Most critics who write about Narnia are evangelical Christians, and they claim Lewis as one of their own. The point of their analysis is usually to proselytize, and Lewis' reputation has suffered as a result. Most secular intellectuals view him and people who are interested in him with suspicion or contempt. Yet Miller, who does not identify as a Christian, is an uncommonly independent-minded critic. (Full disclosure: She edited a few reviews I wrote for Salon years ago; we've since maintained an occasional correspondence.) For this, her first book, she chose to explore a patch of literary territory that few of her peers would brave.
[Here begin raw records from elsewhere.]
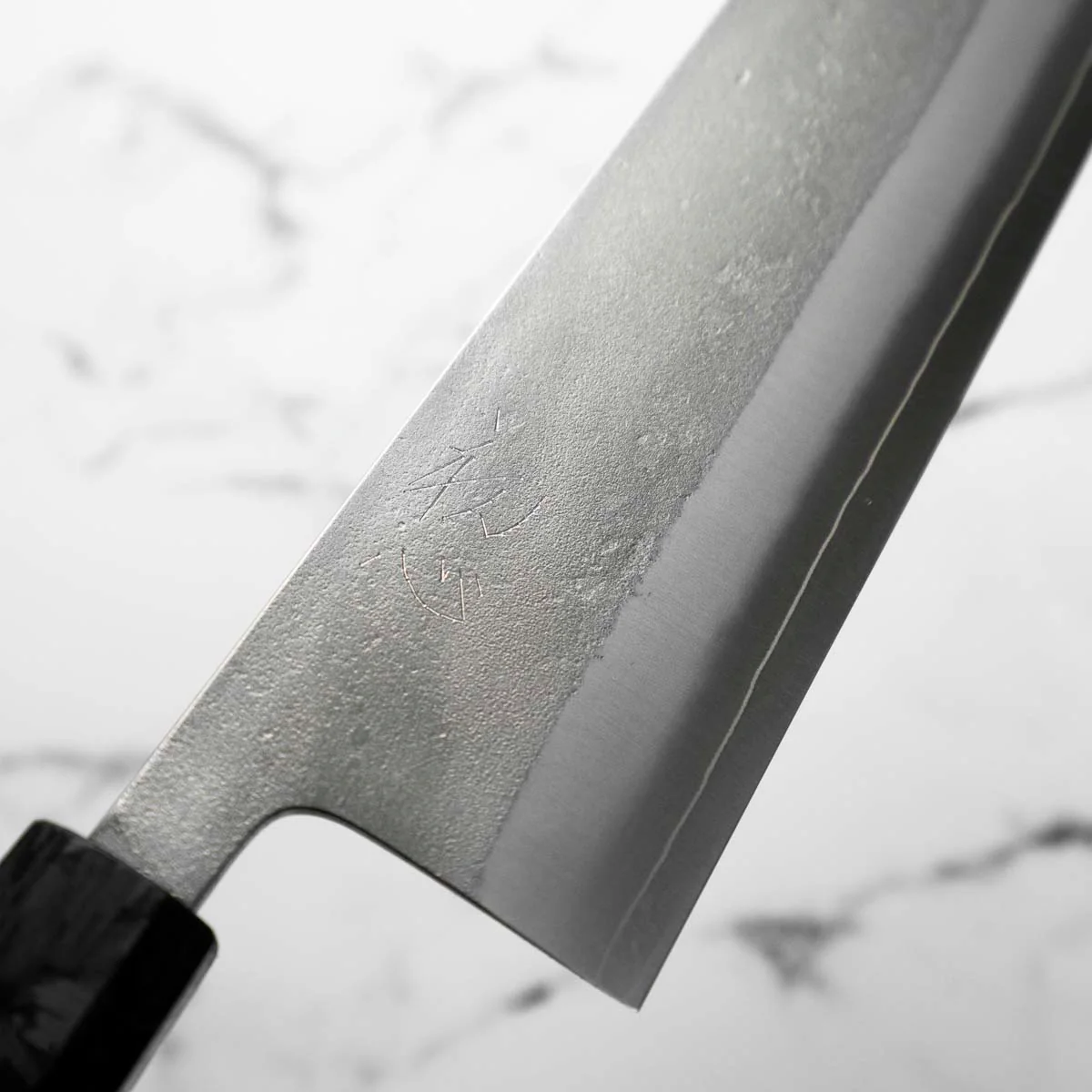 Yoshikane (Hatsukokoro) SKD Nashiji Nakiri 165mm - Carbon Fibre - Image 8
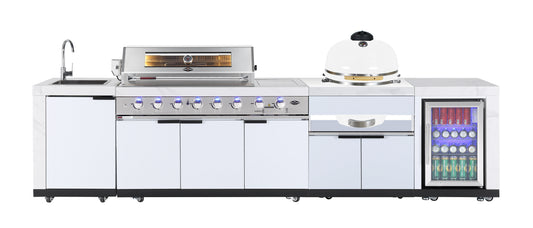 Rockpool White 21” Smoker Module Inc Cabinetry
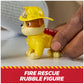 Paw Patrol Fire Rescue Rubble Fire Dump Truck Toy Vehicle Set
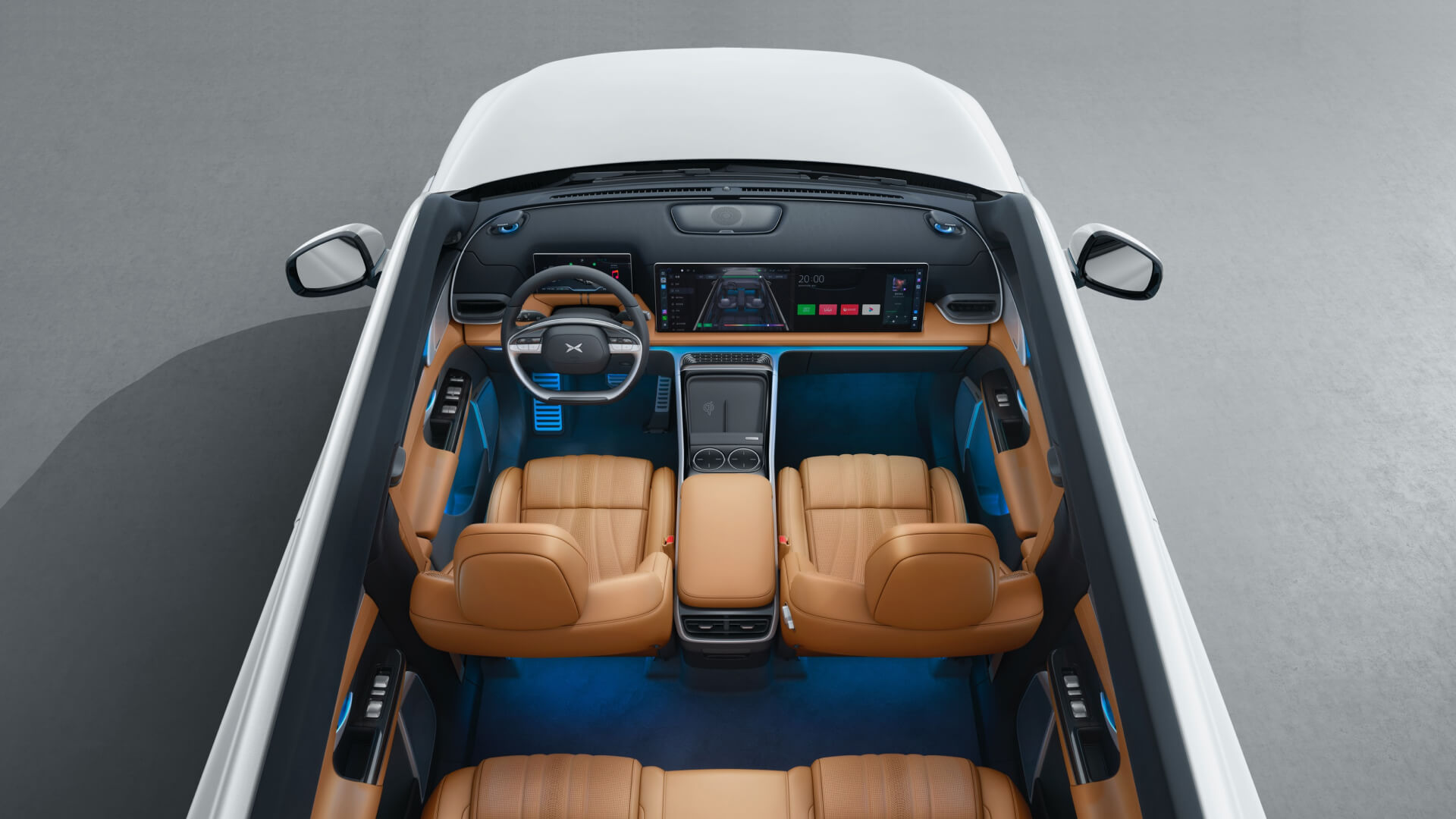 Xpeng G9 2023 5 Door 5 Seat Body Structure for Adult Enclosed New Energy Electric Car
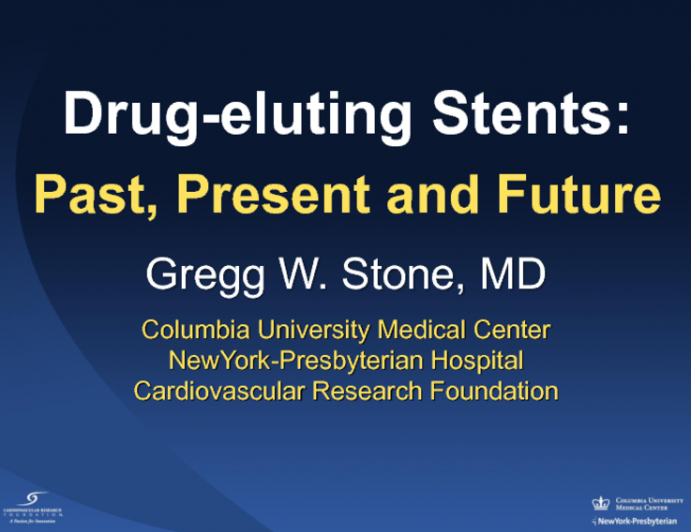 Drug-Eluting Stents: Past, Present, and Future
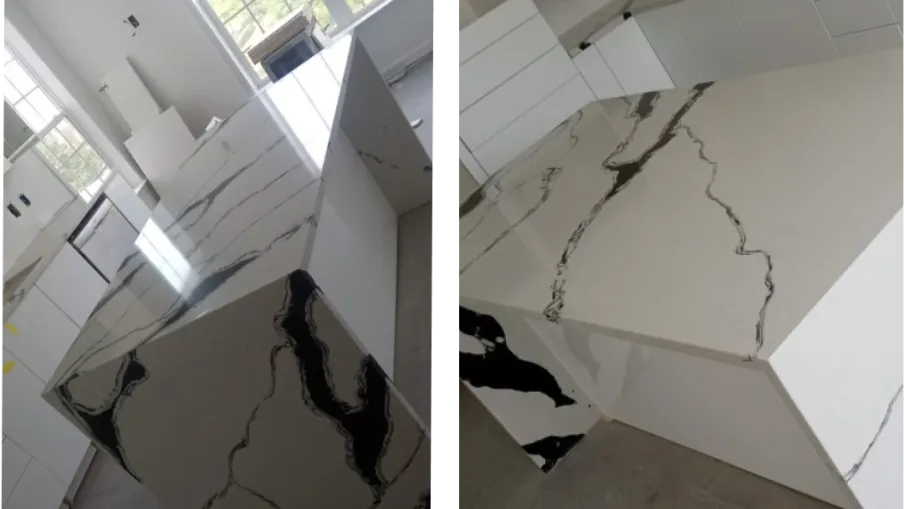 a room with a tile floor and a tile floor with a tile wall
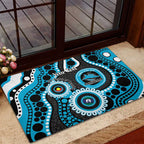 Sharks NAIDOC Week 2026 Personalised Rubber Doormat 50 Years of Deadly Aboriginal Art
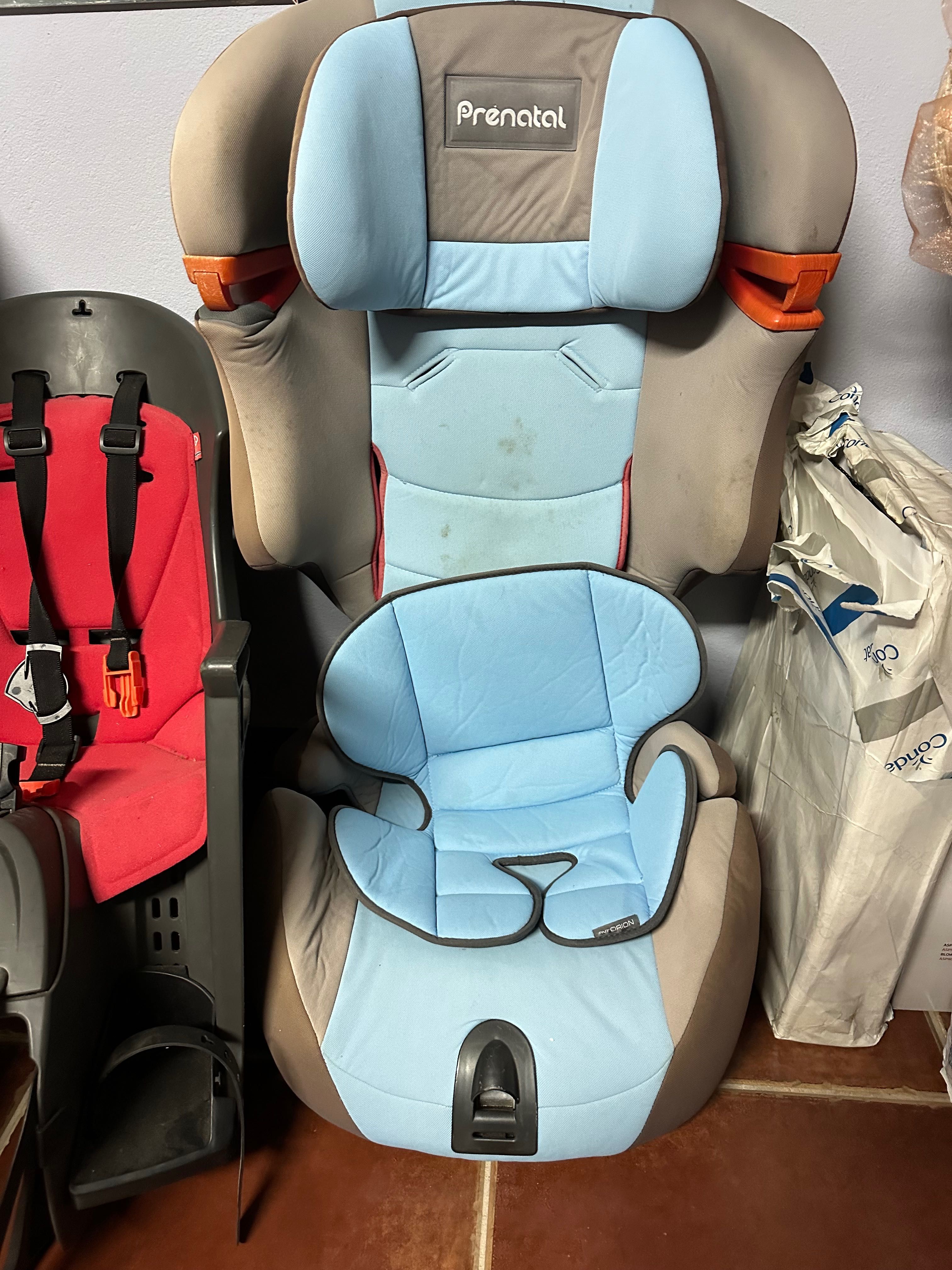conjunto: cadeira carro + cadeira bicicleta hamax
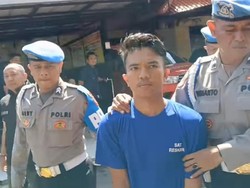 Tampang Eks Polisi Pembunuh Putri Aprani: Rambut Ikal-Tangan Diborgol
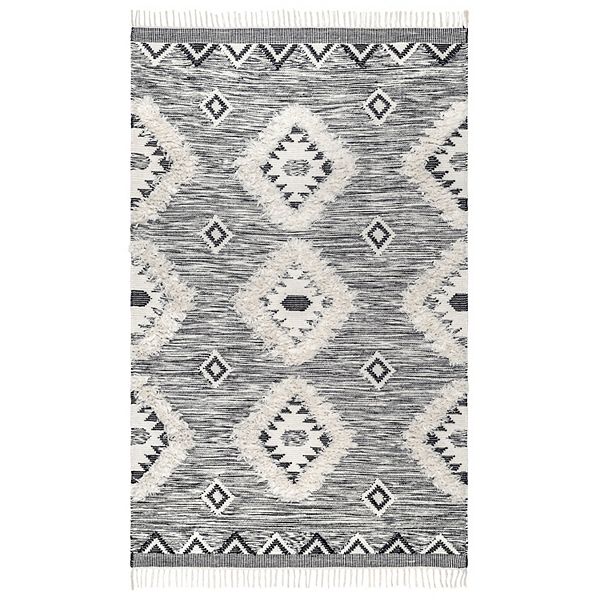 nuLOOM Savannah Moroccan Fringe Wool Rug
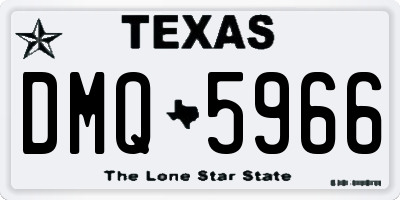 TX license plate DMQ5966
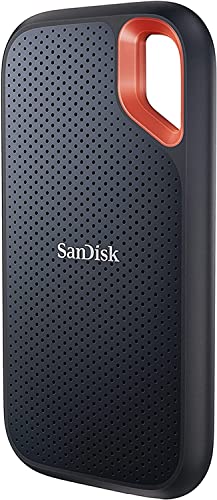 SanDisk Extreme Portable SSD 500 GB (tragbare NVMe SSD, USB-C, bis zu 1.050 MB/s Lesegeschwindigkeit und 1.000 MB/s Schreibgeschwindigkeit, wasser- und staubbeständig) Schwarz von SanDisk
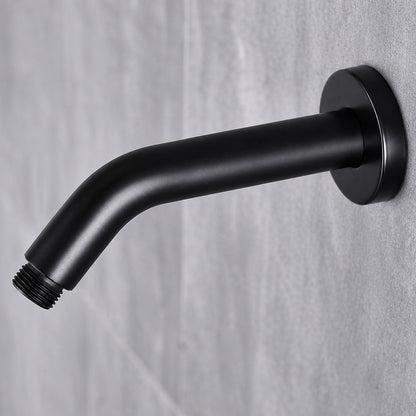 Duschkopf mit Filter Arm für Wandmontage - Mattschwarz - 1/2 Zoll Gewinde
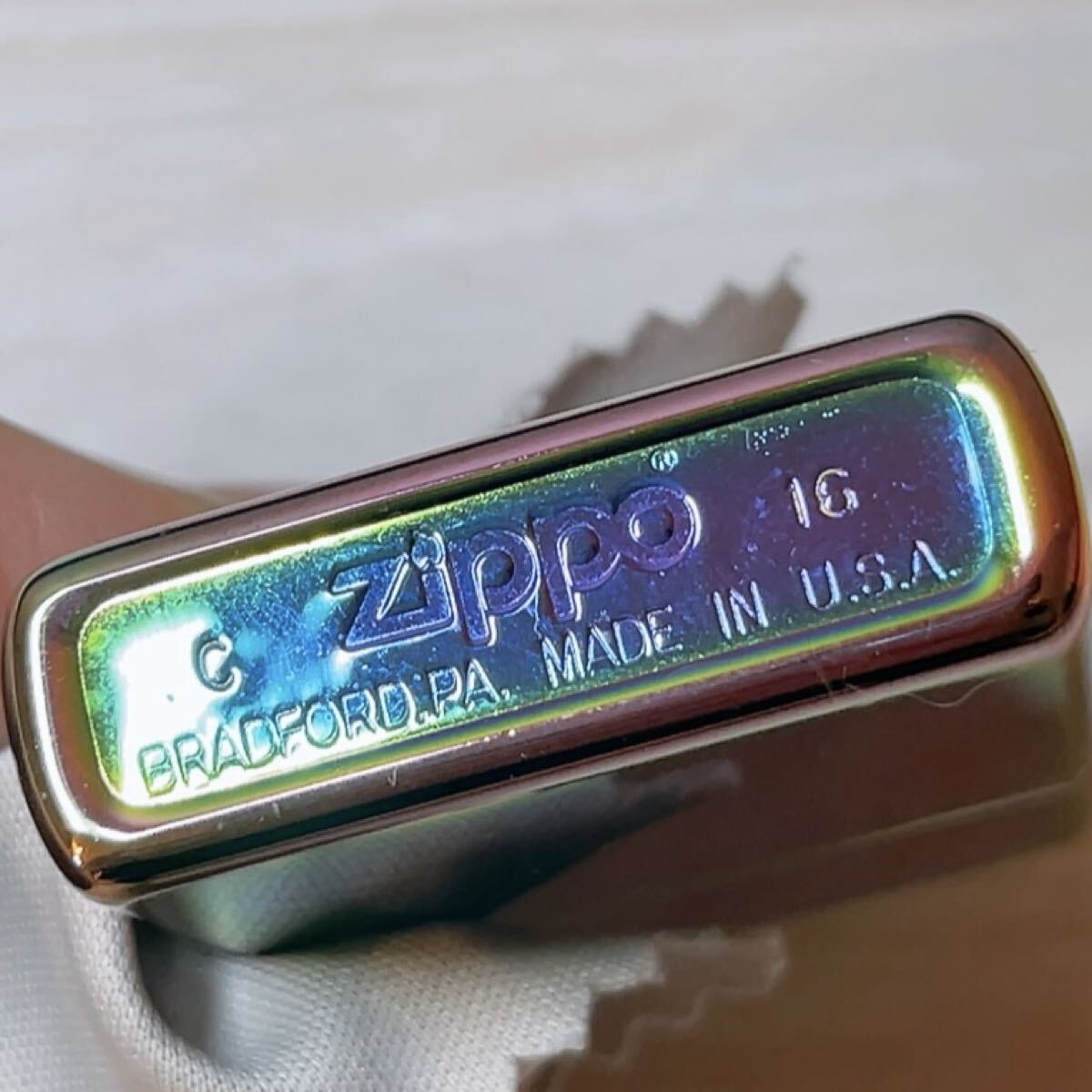 ［正規品］ Supreme Zippo シュプリーム レインボー 特殊加工 希少品 2016 ボックスロゴ BOX LOGO_画像5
Her choice is our boon. "The Magician's Book" is an engrossing story of a reader's education. Empathetic, rigorous, erudite, funny, generous and surprising, it is easily the best book ever written about Lewis. Miller draws sound and dazzling connections among the details of his life and literary inspirations, which ranged from medieval epics to the Victorian forerunners of modern fantasy. (She can tell you which Led Zeppelin album cover folds out to show a picture of Dunluce, the Irish castle that may have inspired Narnia's Cair Paravel.)

At the outset, however, she offers a warning: "There is one major thematic province that I will do no more than fly over: Lewis's Christianity." That field, she explains, has already been plowed. Her goal is to "illuminate [Narnia's] other, unsung dimensions, especially the deep roots of the Chronicles in the universal experiences of childhood and in English literature."